Come visit me, I promise it is NOT like this.

Train hard, with..or without the Gi!


Challenges + Effort = Growth

Sunday, August 10, 2008

Today's math lesson is very simple.

Challenges + Effort = Growth

Shells grow.. yes, not my best illustration

Or, as I like to say to my wife and daughter (yes, just because she is barely two doesn't save her from her Father's soap box speeches!), "It is only through challenges and obstacles that we find real growth and advancement."

Think about it? When was the last time you were truly challenged? Whether on the Mats, in the work place, or even balancing the budget.

Children are a great teacher of this lesson and my daughter is no exception, a few weeks back we took her to a water park for little kids. She was immediately drawn to this swirling vortex of water park entertainment, the crazy slide!

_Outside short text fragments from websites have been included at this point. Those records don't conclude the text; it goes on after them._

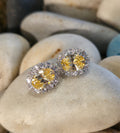 Diordem earrings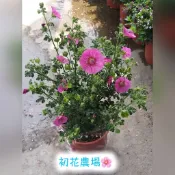 初花農場|小花木槿|5吋盆|觀花植物|----特價150
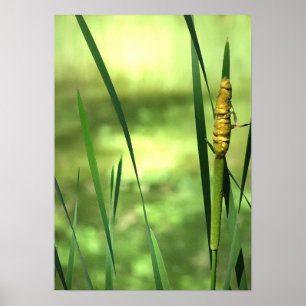Póster Cattails na lagoa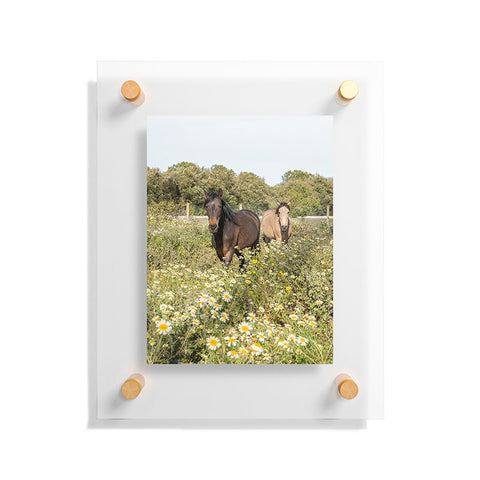 Henrike Schenk - Travel Photography Horses in a Field of Wildflowers Floating Acrylic Print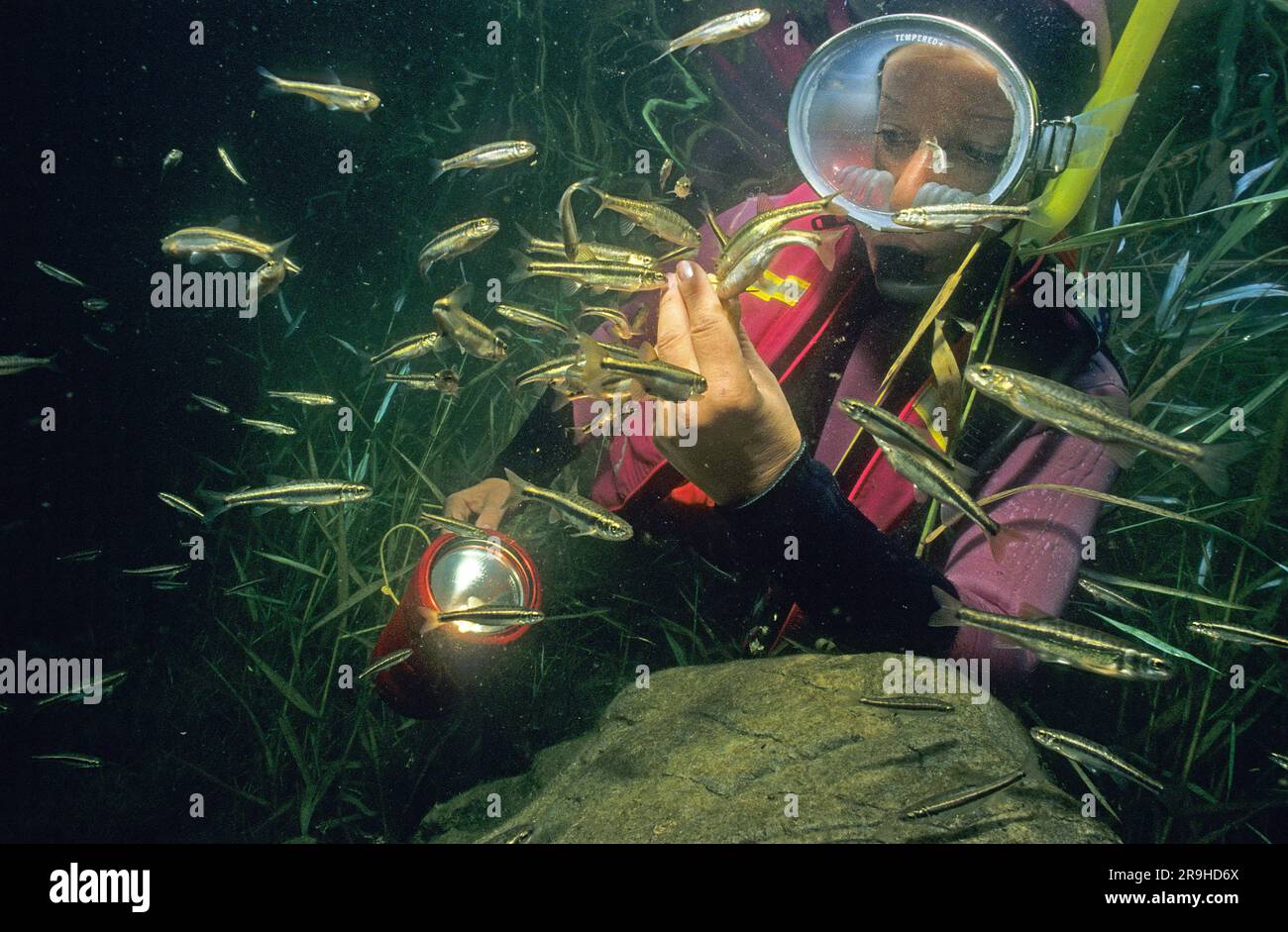 Scuba diver feeds minnows (Phoxinus phoxinus), Gosau lake, Salzkammergut, Austria Stock Photo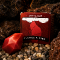 3ae4cbbd-765c-42bf-ae84-f898cde8209d.png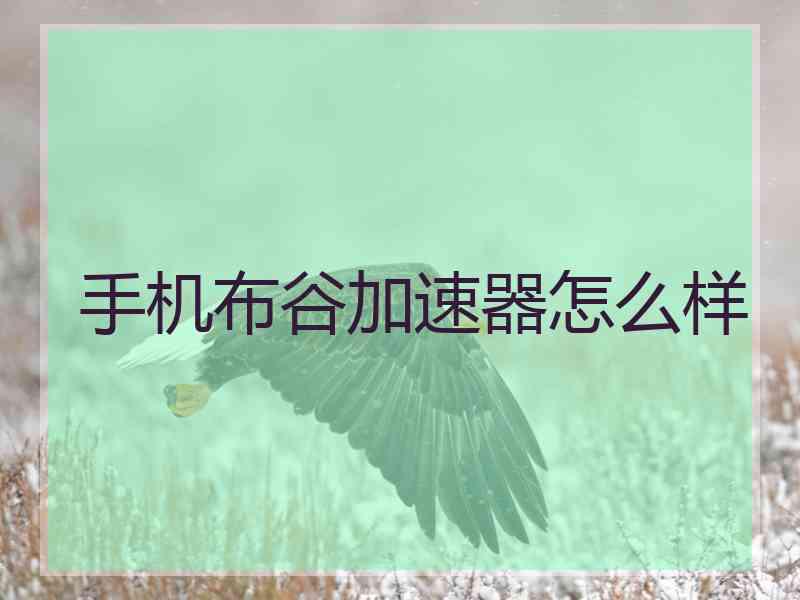 手机布谷加速器怎么样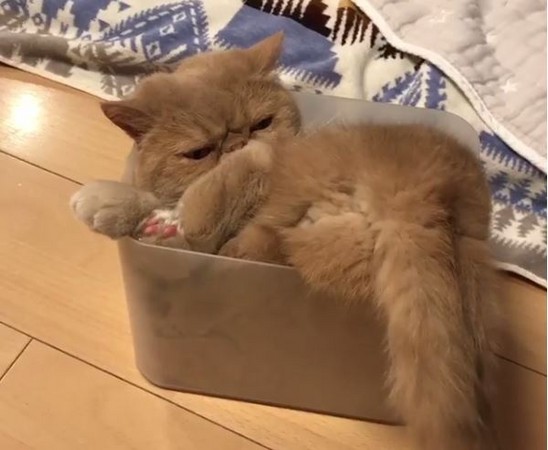 ▲貓咪Fukuzo塞在塑膠盒中。（圖／翻攝自IG／__akira_akira__）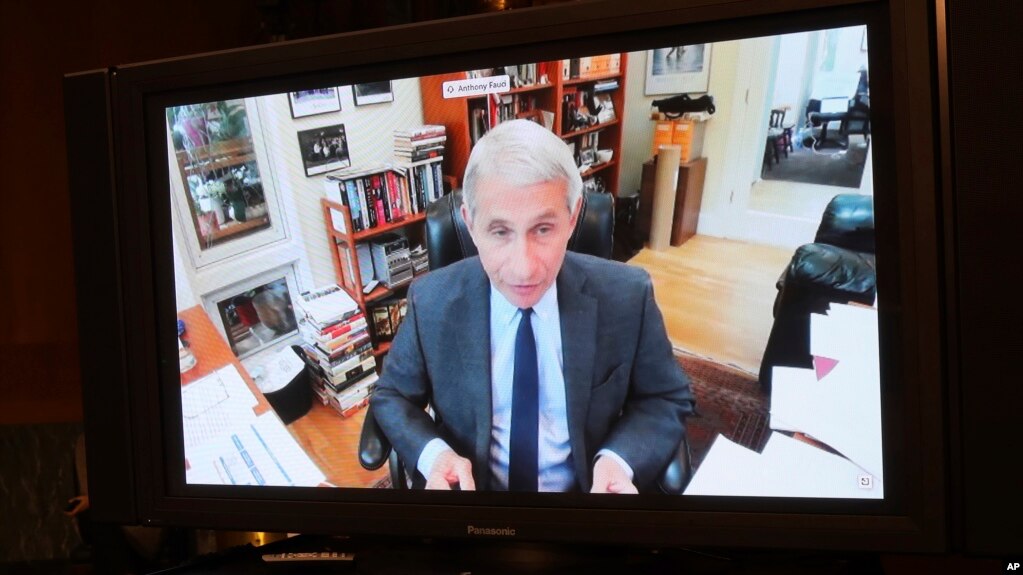 Dr. Fauci gjatë dëshmisë virtuale.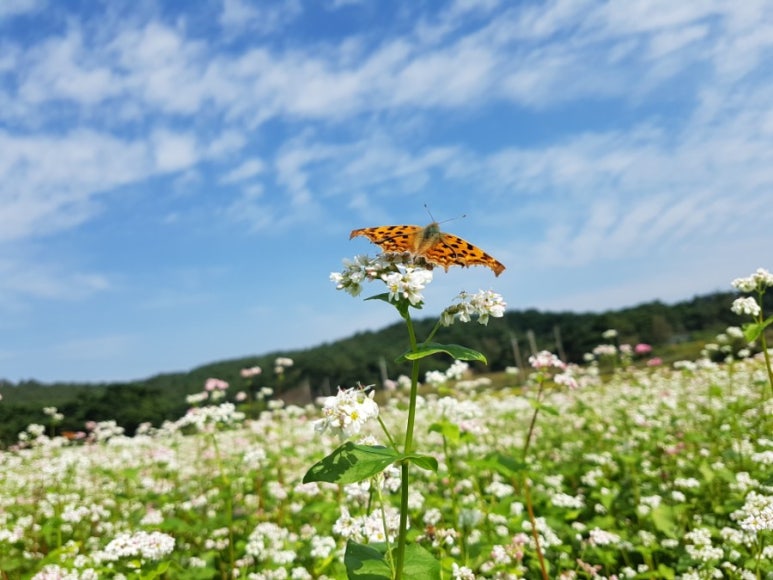 메밀꽃필무렵 이미지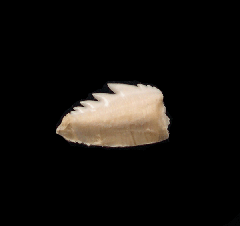 Broadnose Sevengill Cow shark tooth| Buried Treasure Fossils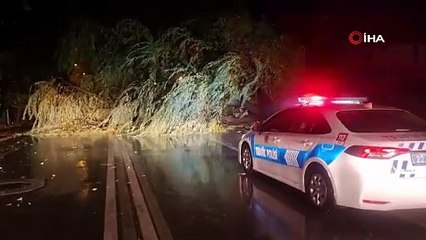 Edirne’de etkili olan sağanak ve fırtına ağaç devirdi, yol trafiğe kapandı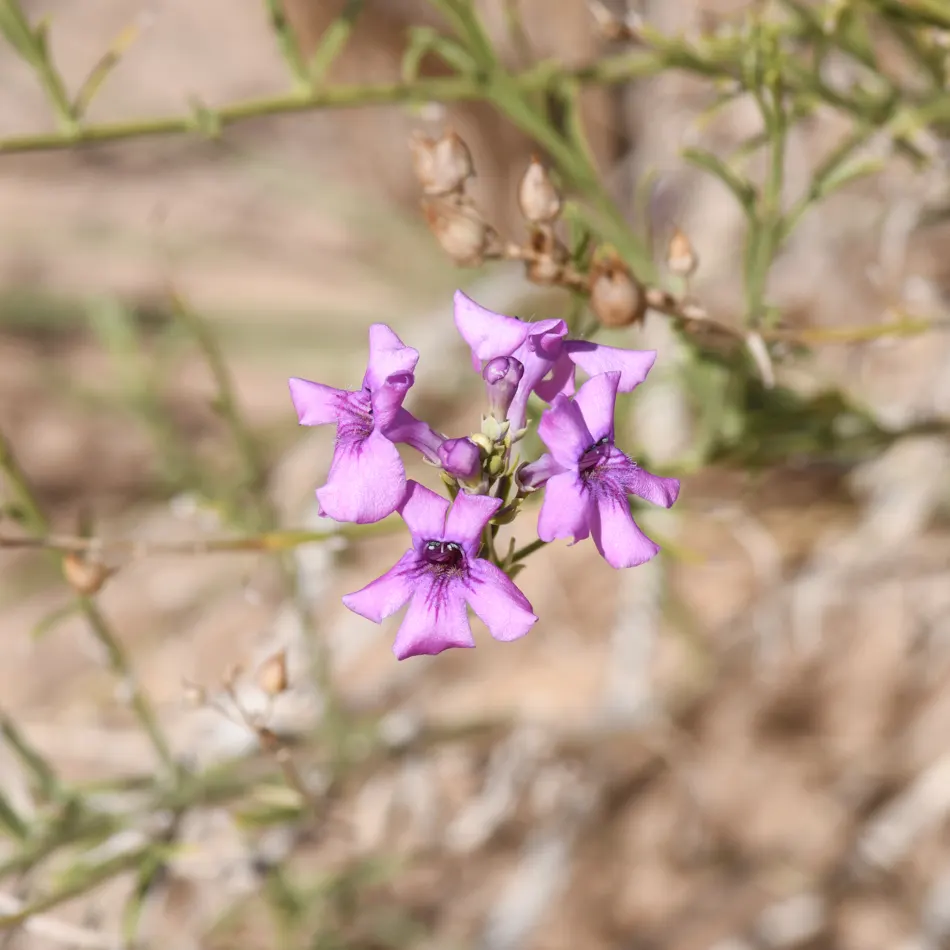 Thurber Penstemon (Penstemon Thurberi) — Plant in well-drained soil with full sun to part shade exposure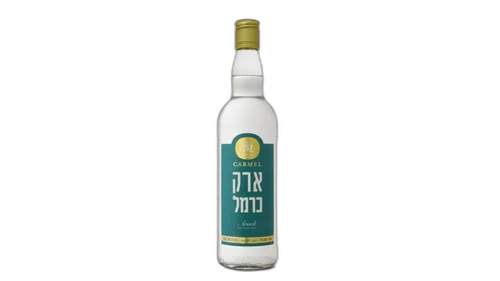 ארק כרמל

She loved it, but each time she climbed up the steps she would slip and bang something.. either her head, her arm, her knee.. you get the picture. So at first I tried to be the good Dad and help her climb up..However, I quickly noticed something that made me immensely proud. She engineered her own little method to get up that slide without banging anything, she would find a rail, plant her feet, and take it one step at a time, pulling on the rail whenever necessary to maintain her balance. She learned something that morning, and so did I.. my little equation just might be correct after all, only when challenged do we truly grow.

So, how do I translate this to BJJ? Simple, it's time to put a little challenge back in your game. It doesn't have to be competitive, your challenge could simply be to only work submissions from a certain position, or to start from your weakest position. Alternatively, you could talk to the "better, faster, stronger" set and get a few rolls in with someone who "challenges" you.

Take these lessons in moderation though, as challenging yourself can easily tax the body, mind, and spirit well beyond what they are accustomed to.

However, given a touch of challenge, I think you'll appreciate the growth.

Ahh life lessons from a two year old, ok.. almost two year old.